The Act does not, however, attempt to provide all the terms upon which ILECs must transact with CLECs. Rather, section 252 of the Act permits carriers to contract independently for interconnection and the provision of goods and services. The reward for reaching an independent agreement is exemption from the substantive requirements of subsections 251(b) and 251(c). See 47 U.S.C. S 252(a)(1). If the carriers do not reach an independent agreement within a specified period, the parties may petition the state agency responsible for regulating local telecommunications to arbitrate the open issues. If arbitration comes into play, then the resulting agreement must comply with section 251 of the Act and any FCC regulations promulgated under that section. See 47 U.S.C. S 252(c)(1). All interconnection agreements, whether reached independently or through arbitration, must be approved by the state agency (in this case, the WUTC). See 47 U.S.C. S 252(e)(1). The state agency may refuse to approve an independently negotiated agreement only if (1) the agreement or a provision thereof discriminates against a carrier not a party to the agreement, or (2) the agency finds that implementing the agreement or a provision thereof would be inconsistent with the public interest, convenience, and necessity. See 47 U.S.C. S 252(e)(2)(A). The state agency may refuse to approve an arbitrated agreement only if the agreement or a provision thereof fails to meet the requirements of section 251 of the Act or the FCC regulations promulgated under the Act. See 47 U.S.C. S 252(e)(2)(B).

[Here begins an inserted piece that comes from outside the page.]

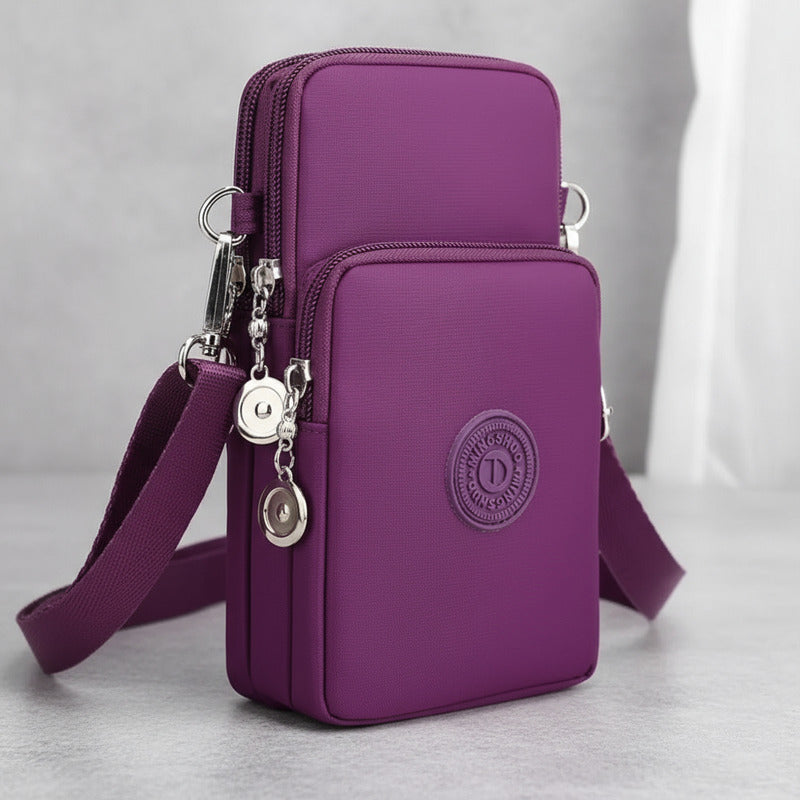 Morral Bandolera Unisex Pequeña Para Celular Varios Colores Violeta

Finally, the Act permits any party "aggrieved " by a determination made by a state agency under section 252 to "bring an action in an appropriate Federal district court to determine whether the agreement . . . meets the requirements of section 251 of this title and this section." 47 U.S.C.S 252(e)(6). This language makes clear that review in federal court is restricted to the determination of whether the terms of the agreement violate any of the Act's requirements. This limited task is not always an easy one, however. AT&T v. Iowa Utils. Bd., 119 S. Ct. 721, 738 (1999).
We have jurisdiction of appeals from final judgments in these actions under 28 U.S.C. S 1291. Our review is de novo. See MFS Intelenet, 193 F.3d at 1117. To the extent that the statute requires factual findings to support the state agency's determination, those findings are reviewed for substantial evidence. GTE South, Inc. v. Morrison, 199 F.3d 733, 745-46 (4th Cir. Dec. 15, 1999)
The FCC promulgated its initial regulations under the Act in 1996. Under the Hobbs Act, the Federal Courts of Appeals have exclusive jurisdiction over challenges to FCC regulations. See 28 U.S.C. S 2342; 47 U.S.C.S 402(a). Several parties filed petitions for review of the FCC regulations in several different circuits. When agency regulations are challenged in more than one court of appeals, 28 U.S.C.S 2112 requires that the panel on multidistrict litigation consolidate the petitions and assign them to a single circuit. The panel assigned the challenges to the FCC regulations to the Eighth Circuit, which thereby became, and remains, "the sole forum for addressing . . . the validity of the FCC's rules." GTE South, 199 F.3d at 743 Therefore, the subsequent history of the Eighth Circuit litigation, Iowa Utilities Board v. FCC, has punctuated the history of this agreement and litigation.
On March 26, 1996, MCImetro requested interconnection negotiations with U S West. On August 30, when the parties could not come to agreement on a number of issues, MCImetro petitioned for arbitration before a WUTC...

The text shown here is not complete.